I’m 24F and I haven’t been able to keep friends around for longer than a year or two all my life. I’m autistic, was an immigrant child who got bullied a lot growing up, and my family constantly moved to a new city every 2 years or so, so that definitely made it very difficult for me. I have had several close friendships throughout my life and I never got into any fights or had any kind of falling out with any of these people. However, I often find that my closest friends would gradually talk to me less and less until I just never hear from them again and I never know where I went wrong. I was definitely very shy and awkward growing up but as I got older, gained more life experience, and moved out of my parents’ house years ago, I found that I became a lot more outgoing and open to meeting and connecting with people.

I moved to my current city a year ago and met my only two friends. We were all hanging out every other weekend and I felt like I genuinely became really close with them as we always went out to do fun things with their social circle that I felt like I became a part of and connected on a really deep emotional level. There was never a dull moment and we would all consistently stay in touch via text/social media.

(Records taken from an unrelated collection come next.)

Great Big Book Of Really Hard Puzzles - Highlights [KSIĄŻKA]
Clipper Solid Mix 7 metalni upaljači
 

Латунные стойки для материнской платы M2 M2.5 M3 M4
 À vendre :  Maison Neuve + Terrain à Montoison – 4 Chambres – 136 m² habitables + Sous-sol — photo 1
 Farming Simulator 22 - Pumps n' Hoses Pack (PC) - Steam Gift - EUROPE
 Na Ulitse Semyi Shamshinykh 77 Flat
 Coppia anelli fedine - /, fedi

However, in early May I noticed that wouldn’t hear from them as much. I immediately jumped to the worst of conclusions and assumed that I did something wrong and they secretly hate me. It got to the point that we wouldn’t talk unless I reached out first (which I would only do once a week because I’m afraid of coming off as annoying)

Last week, one of the guys reached out to me and asked if I wanted to hang out . It was a great night, no complaints. The following night, I ran into him at a bar. He was with a group of people, but ditched them to keep hanging with me. Eventually, we both got pretty tipsy and vulnerable, turning the night out into a therapy session. I was afraid that I overshared/trauma dumped/made it all about me at first but we texted again in the morning and it seemed like everything was fine. I had to go to a job interview later that day and he said that he was going to a show in the same neighborhood. When I got to the place, the hiring manager never showed and wouldn’t return my calls so I figured I would reach out to my friend and ask where the show was going to be since I was already there— he left me on read and I just went home. The following day, I was scrolling through instagram and saw that he and the whole friend group went out without me, no invite, nothing. Maybe I’m overreacting, but I was really upset and couldn’t help but think that I did something wrong, they all hate me, and they only hung out with me before because they felt bad for me or something. I also haven’t heard from friend #2 in almost three weeks except for 2 times where I ran into him at the grocery store and we just exchanged a quick “hi”.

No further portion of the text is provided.